Is It a Bird, Is It a Plane…? No, It’s a Pterosaur

By KATIE MILANI

The flight expert at the American Museum of Natural History made sure to clarify that pterosaurs, the flying reptiles that roamed the earth over 220 million years ago, constituted their own unique genus of animals, not just glorified bats and birds.

With a wingspan of about 33 ft., the life-size replicas hanging from the ceilings in the Manhattan museum’s latest exhibit made sure that these assumptions were extinct.

Four world-renowned paleontologists met on stage at the museum Tuesday to unveil the nation’s largest exhibition about pterosaurs ever created.

Thanks to the latest research by museum scientists and leading paleontologists around the world, the exhibit features rare pterosaur fossils, on top of breathtaking life-size models, videos, and interactive flight stimulations.

“We’ve reached a renaissance in terms of discovery,” boasted Mark A. Norell, curator of the Pterosaurs and chairman of the division of Paleontology,.

In the last two decades, two more sites have been found to hold Pterosaur fossils.
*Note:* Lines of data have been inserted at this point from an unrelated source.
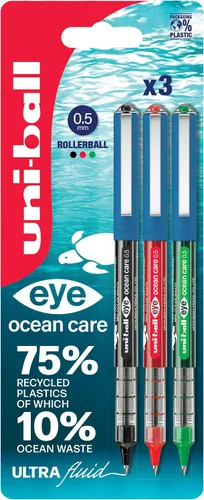 Vista 9 de uni-ball Eye Ocean Care UB-150ROP - Bolígrafos negros de punta redonda de 0.020 in para escritura súper suave, dibujos, arte, manualidades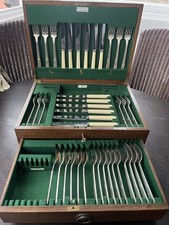 40 PCE OAK CANTEEN SILVER PLATED WALKER & HALL ART DECO ATLANTIC CUTLERY FOR 6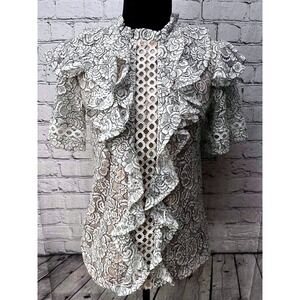 Jane Choi Womens White and Black Eyelet Lace Short Sleeve Blouse Small-Beautiful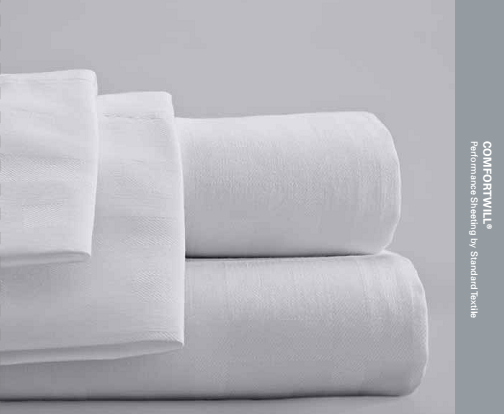 a set of Standard Textile Comfortwill hotel sheets
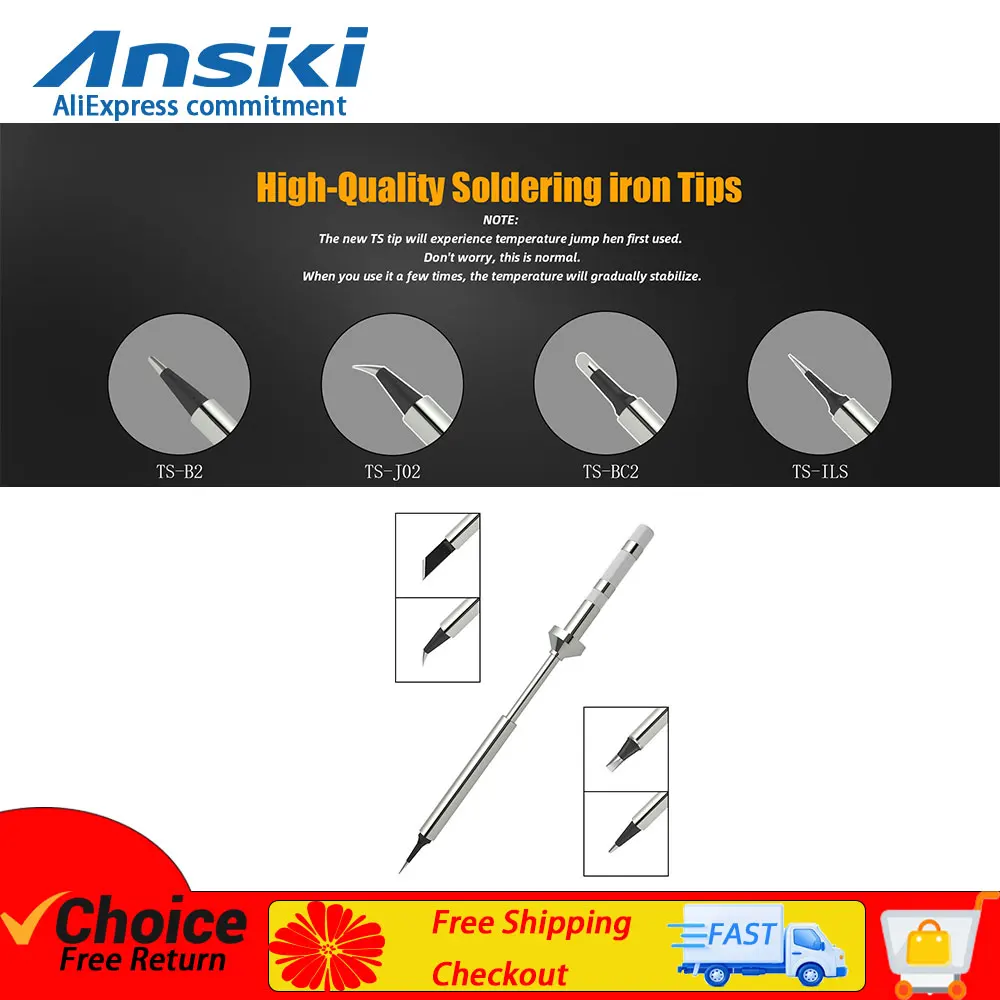 Ansiki High-quality TS Tips for TS100 and TS101 Pine64 Pinecil Replacement Soldering Iron Tip Features Include Quick Heating Sta
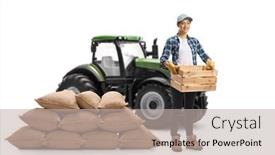  Presentation with tractor - Cool new slide set with full-length-portrait backdrop and a mint green colored foreground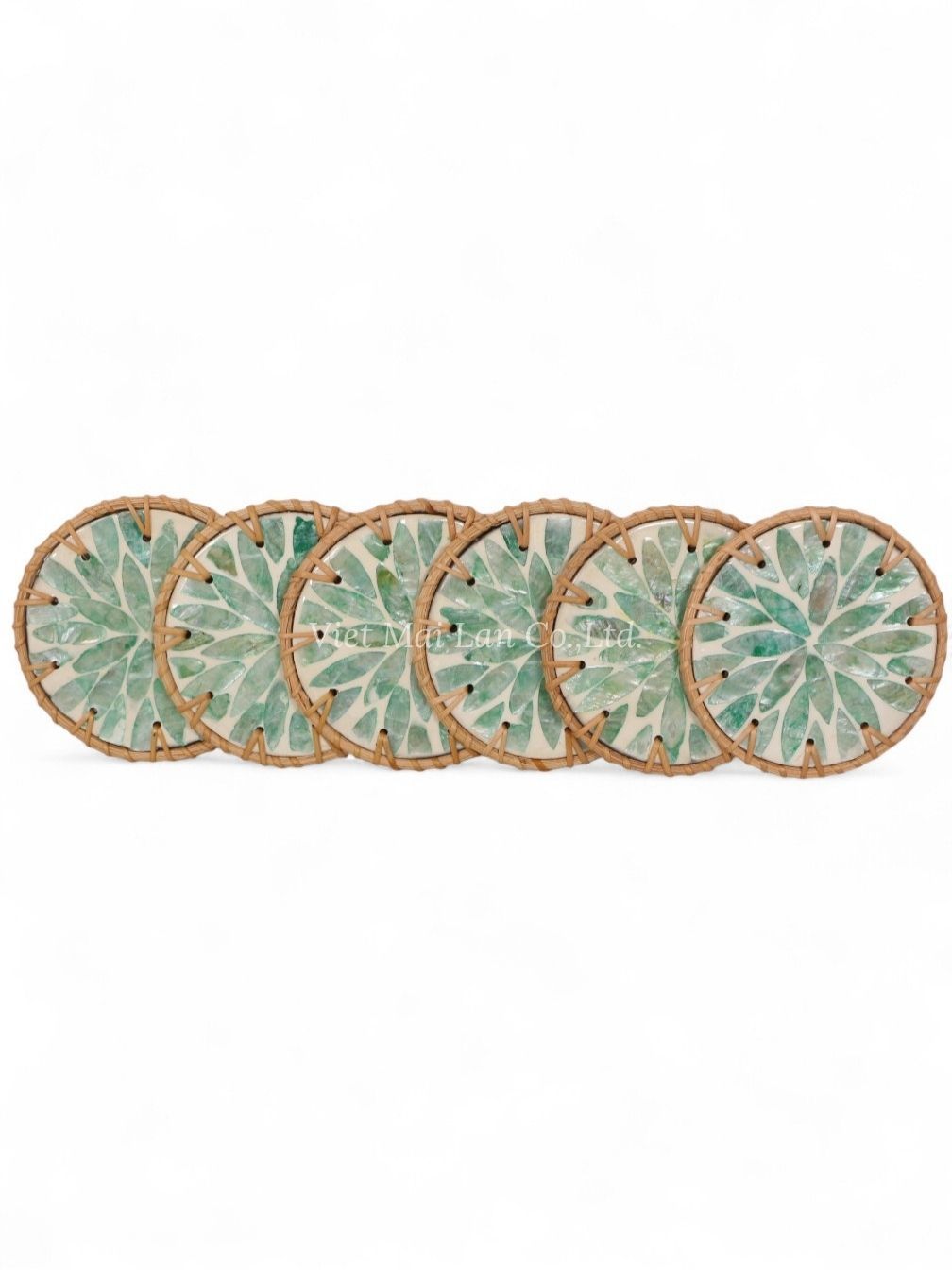Light Green Elegant Mother Of Pearl Coaster (2)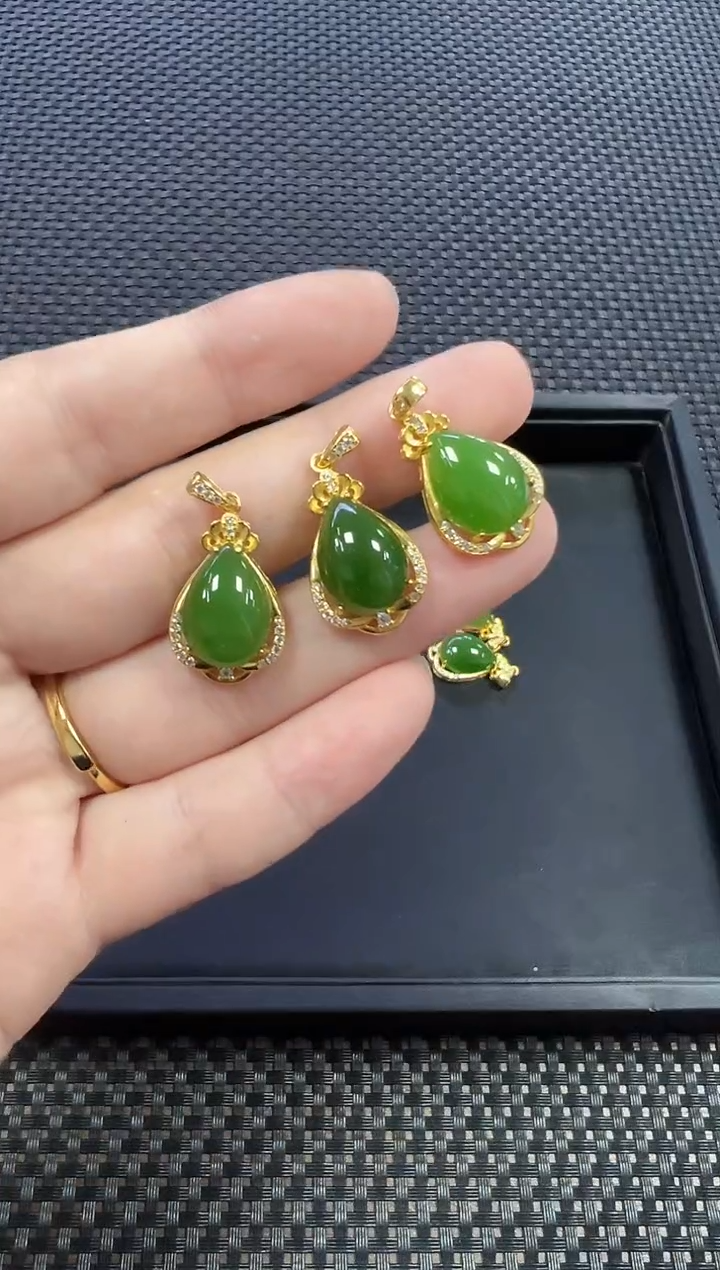 颈饰银S925镶嵌和田玉 （多样性发一件）2485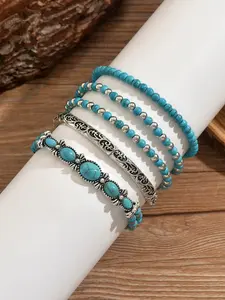 Turquoise beaded DIY bracelet - Bohemian style handcrafted multi-piece jewelry set Exquisite Bracelet High Quality Bracelet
Since these fossils are so rare and their closest living relatives- crocodiles and birds- are so different, many questions about their basic living habits remain.

“These were the largest creatures ever to fly. In their time, they ruled the sky,” said Ellen V. Futter, President of the American Museum of Natural History.
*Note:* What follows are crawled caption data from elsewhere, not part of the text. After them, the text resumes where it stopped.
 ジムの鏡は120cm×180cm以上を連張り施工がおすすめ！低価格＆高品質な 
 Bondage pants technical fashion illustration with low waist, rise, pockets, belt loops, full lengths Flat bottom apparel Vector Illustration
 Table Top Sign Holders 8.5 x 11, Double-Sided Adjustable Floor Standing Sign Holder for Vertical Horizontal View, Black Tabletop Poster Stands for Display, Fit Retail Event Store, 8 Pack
Though Futter said scientists marvel at how they lived, ate and cared for their young, the key focus of the exhibit, and in learning about pterosaurs is how they evolved flight and how their bodies were aerodynamic.

Perhaps one of the more intriguing displays is the interactive flight modulator that allows visitors to pilot two species of flying pterosaurs over prehistoric landscapes with help from motion-sensing technology.
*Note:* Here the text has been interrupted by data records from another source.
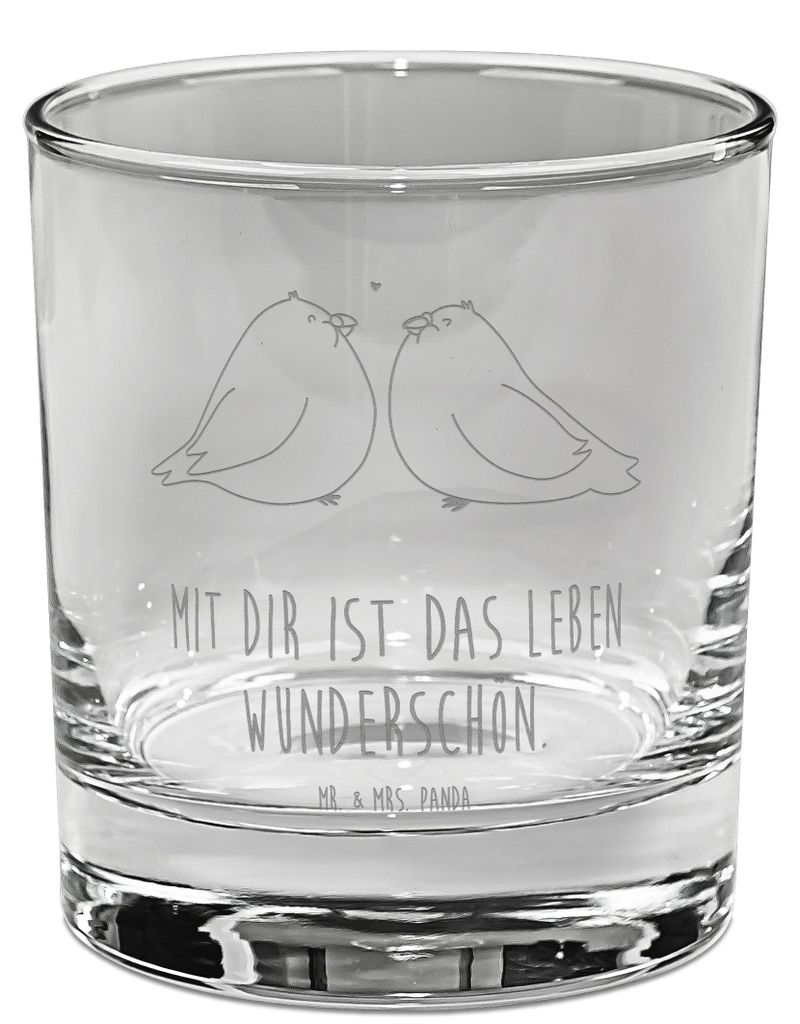 Mr. & Mrs. Panda Tumbler Turteltauben Liebe - Transparent - Geschenk, Whiskyglas, Freundin, Glas, Tauben, Hochzeit, Old Fashioned, Scotch, Whisky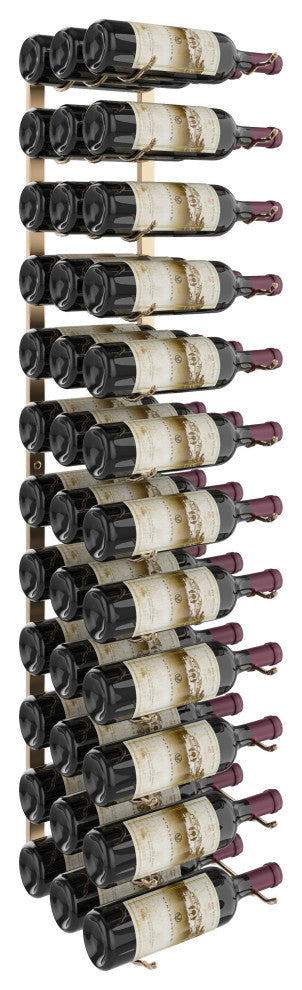 W Series Wine Rack 4 Wall Mounted Metal Bottle Storage, Golden Bronze, 36 Bottles (Triple Deep)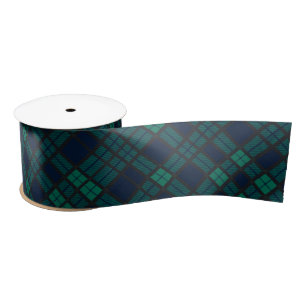 Ruban En Satin Tartan Rustique Plaid noir vert chèque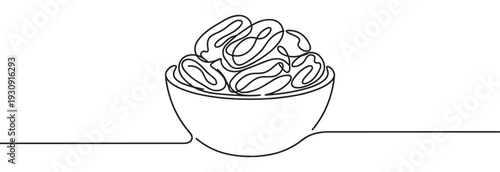 Delicious dates in a bowl, depicted with a continuous single line art style illustration, symbolizing healthy eating and traditional treats.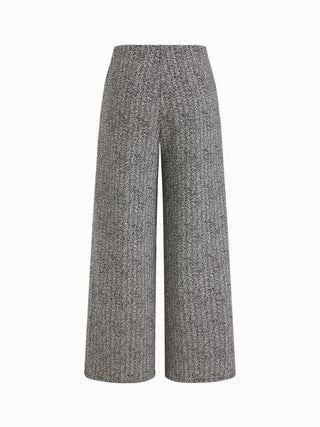 Cotton-blend Textured Mid Rise Wide Leg Trousers With Metal Detail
A virtual wind tunnel allows a different perspective on flight. Visitors experiment with the principles of pterosaur aerodynamics with hand movements.

But don’t get flight expert and University of Southern California Professor Michael Habib wrong. In order to learn more about Pterosaurs’ unique ability to fly, comparisons between these winged reptiles and birds and bats must be made.

All three species developed wings with distinct aerodynamic structures.

On view for the first time, a fossil known as Dark Wing features preserved wing membranes and reveals long fibers that extended from the front to the back of the wings to form a series of stabilizing supports. These fibers are thought to probably help pterosaurs adjust the tension and shape of their wings.

Though the relationships between Pterosaurs and birds may be similar, pterosaurs’ bones are thinner making them more fragile than birds.

But the paleontologists stressed that due to their massive size, more than birds, pterosaurs dominated the prehistoric skies.